Overview of the ArYSL version 2 dataset workflow.
The pipeline starts with the recruitment of 35 native Yemeni signers, followed by image acquisition phase using various mobile and laptop devices in semi-natural environments. Each captured image underwent preprocessing steps including noise filtering, contrast normalization, and resizing. Quality control procedures were applied to ensure consistency by utilizing specific metrics thresholds included Laplacian variance, histogram similarity, and bounding box to exclude the low-quality or redundant image samples. Subsequently, validated images are next placed in a defined folder structure with metadata files created in a script-based way. Two trained annotators with an independent expert reviewer conducted the verification of annotations to provide semantic fidelity. Finally, a structured multilingual text-to-sign dictionary of 357 Arabic words is constructed mapping each sign classes based on linguistic principles and typo errors. This flexible pipeline had an impressive level of reproducibility to form a basis of real-time bidirectional sign language translation systems. This workflow summarizes the full process of data acquisition, preprocessing, quality control, metadata generation, and text-to-sign dictionary construction. Each phase is supported by custom Python scripts provided with the ArYSl Version 2 dataset repository. Finally, a comprehensive README file is included in the dataset repository, offering a detailed overview of the dataset structure, usage instructions, and example Python scripts for data loading, preprocessing, CNN training and validation, as well as integration with the text-to-sign mapping dictionary.

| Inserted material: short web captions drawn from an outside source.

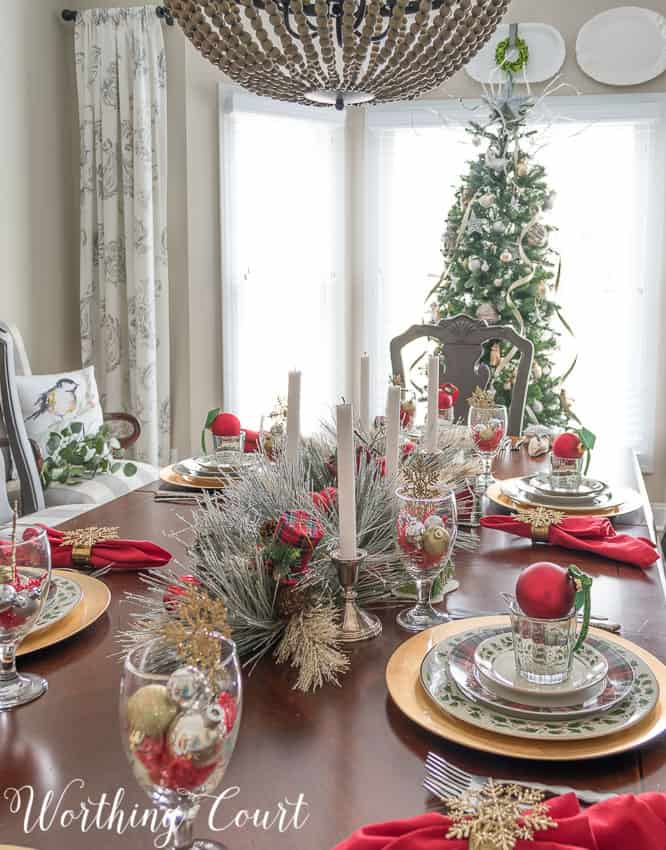 A red, and gold tablescape with white candles and large tree at the foot of the dining room table.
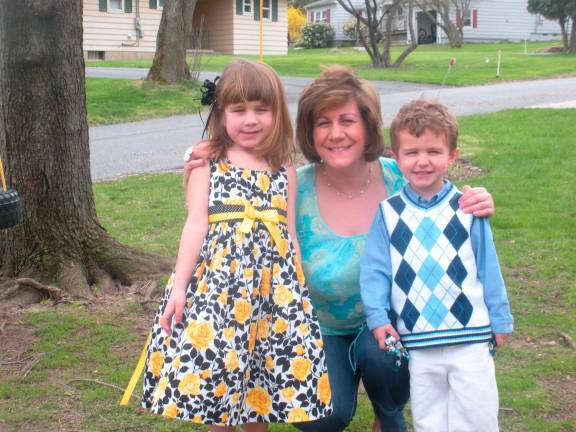 Mommy & Me Contest Kelly Eisenhardt of Sparta with her children on Easter Sunday a few years ago.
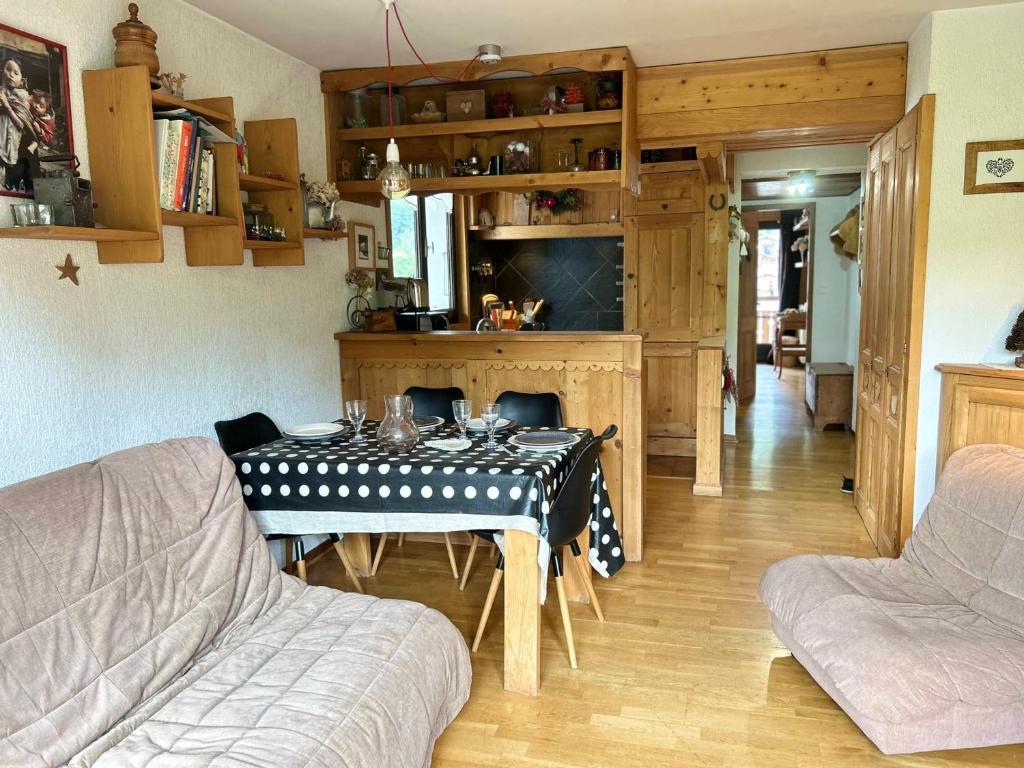 a living room with a table with a polka dot table cloth at Appartement Les Gets, 2 pièces, 4 personnes - FR-1-623-256 in Les Gets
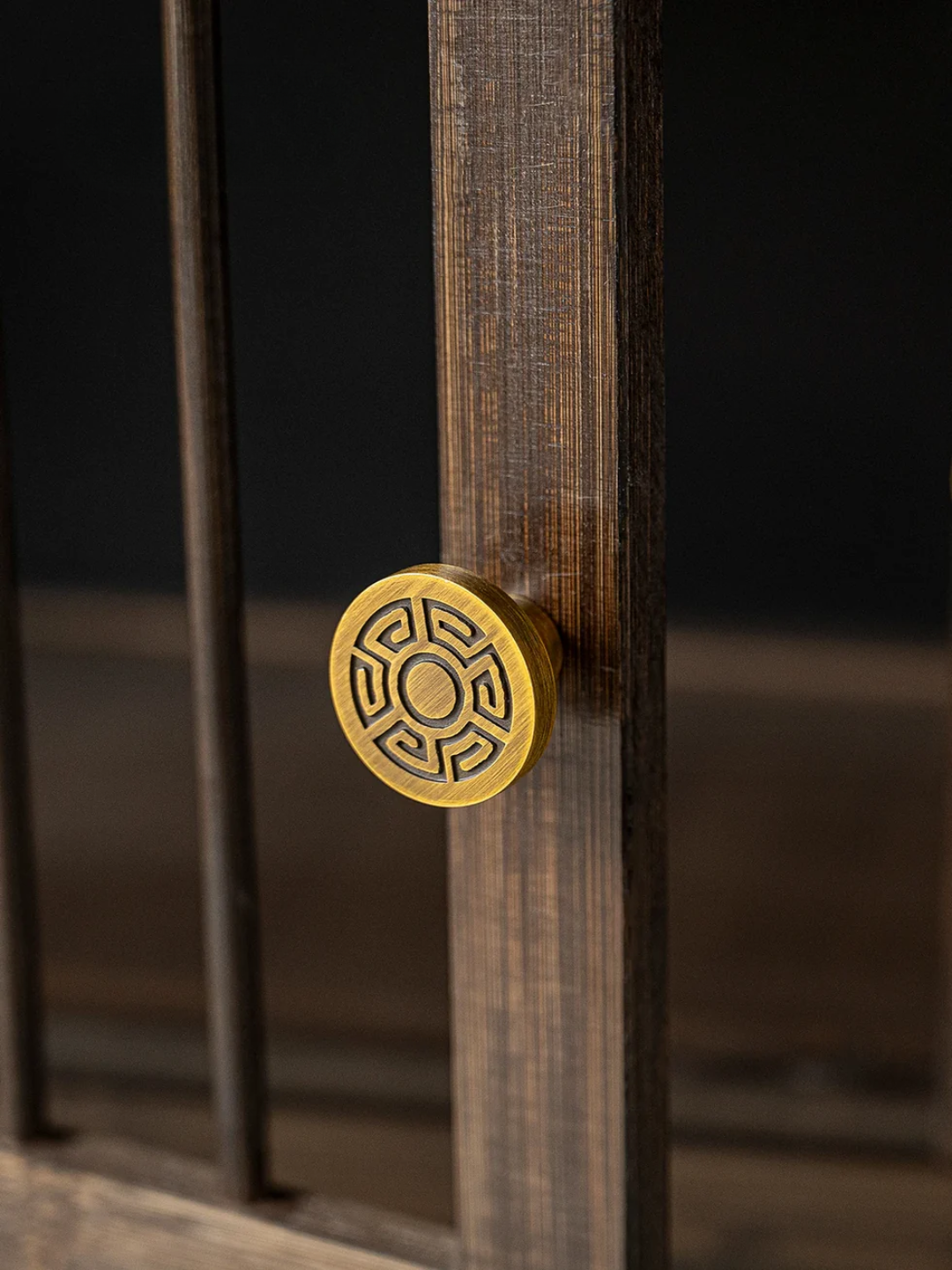 Close-up of a wooden door handle with intricate design on a dark background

4.2. Participants and sampling strategy
The ArYSL Version 2 dataset was developed to serve the research purpose on Arabic Sign Language through offering high-quality real-world sign gestures. Participants were employed using the convenience sampling strategy. A total of Thirty-five native Yemeni signers were selected based on their availability and willingness to participate in the study. While random sampling was not feasible due to logistical constraints and limited accessibility to registered Yemeni signers, efforts were made to ensure a diversity in age, gender, and regional dialects. Participants were recorded in naturalistic settings with uncontrolled background to simulate the methods of real-world application. This guaranteed wide-ranging linguistic and physiological representation. Recruitment was facilitated with the help of the local universities and deaf education institutions and community networks. The inclusion criteria included were being a native Yemeni Arabic signer, over 10 years old, literate, and capable to follow basic instructions. All participants provided informed, and irrevocable consent to participate as approved by the Institutional Review Board (IRB). The dataset includes sign language recordings from 35 native Arabic-speaking individuals from Yemen. The participants numbers were 20 male and 15 female aged between 10-40 years, with the average age of about 26 years. The distribution of gender is shown in Fig. 2.
Fig. 2.
Distribution of participants by gender.
Fig. 2 shows the proportion of 20 male and 15 female participants involved in the dataset collection. The geographic distribution of the study population was a combination of both urban and peri-urban environments, as shown in Fig. 3, and every participant was a resident on different districts in Taiz Governorate. The study included all individuals who were congenitally deaf or become deaf prior to three years of age and were fluent users of the Yemeni Sign Language (YSL). The demographic information was taken as voluntary to comply with ethical requirements.
Fig. 3.
Distribution of participants by region.
Fig. 3, illustrates the geographic representation of participants from eight districts within the Taiz Governorate included Al Qahirah, Al Mudhaffar, Salh, Altahrer, Al-Hawadh, Bir-Basha, Al-Masbah, and Wadi Alqadhi.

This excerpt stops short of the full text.